De métaphores en métaphores
Ce récit n’est certainement pas à prendre au premier degré. Sinon, il se résumerait dans l’écriture d’un conte fantastique sans amarres. Mais si nous lui donnons des prolongements métaphoriques, alors il foisonne d’une multitude de signifiants et le sens se fait plus profond et bien ancré dans notre réalité.
Le premier sens est celui des effets dévastateurs de la consommation des uns sur la vie et la société des autres. En premier lieu, celui des catastrophes écologiques initiées par cette consommation désordonnée et la prévision de l’immersion de zones d’habitation fragilisées par la montée des eaux.
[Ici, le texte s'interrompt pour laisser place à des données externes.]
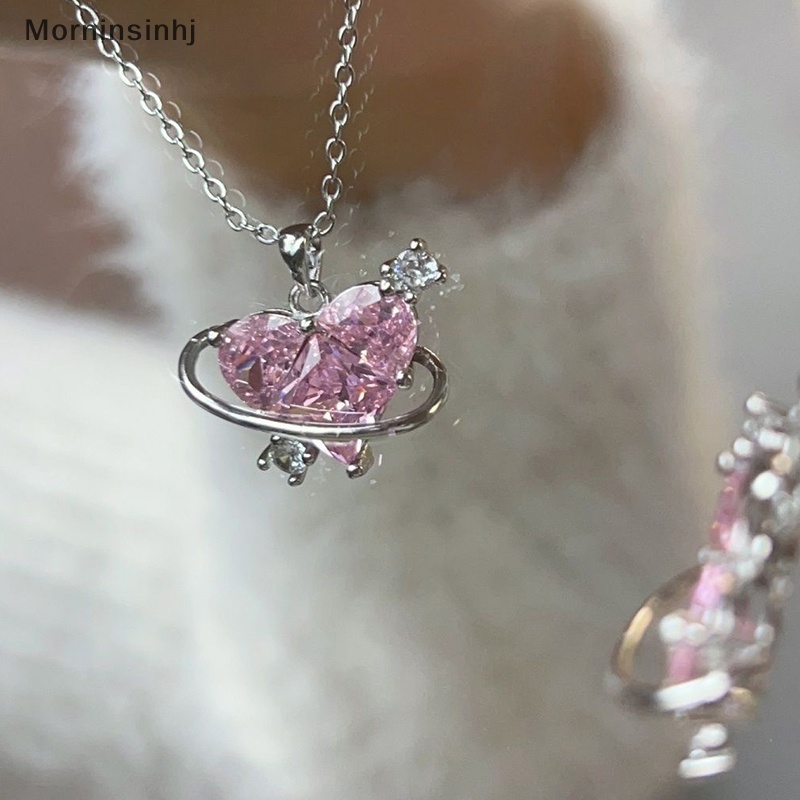 Mornin Fashion Planet Merah Muda Hati Zirkon Kalung Wanita Pesona Aesthetic Klavikula Rantai Kalung Pesta Ulang Tahun Perhiasan Hadiah id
En second lieu, celui de l’exploitation des populations obligées de fuir ces catastrophes par ceux demeurés à l’abri. Se dégage aussi un pessimisme devant le sort réservé aux populations vieillissantes parquées dans des mouroirs.
Toutefois, c’est par un effort d’imagination du lecteur que ces sens émergent du récit, lequel est bref et incisif, laissant peu de place à ce genre de transfert. L’auteure nous prouve donc qu’elle a beaucoup de choses à dire, mais ce n’est pas avec ce premier roman que nous pouvons vraiment en faire le tour.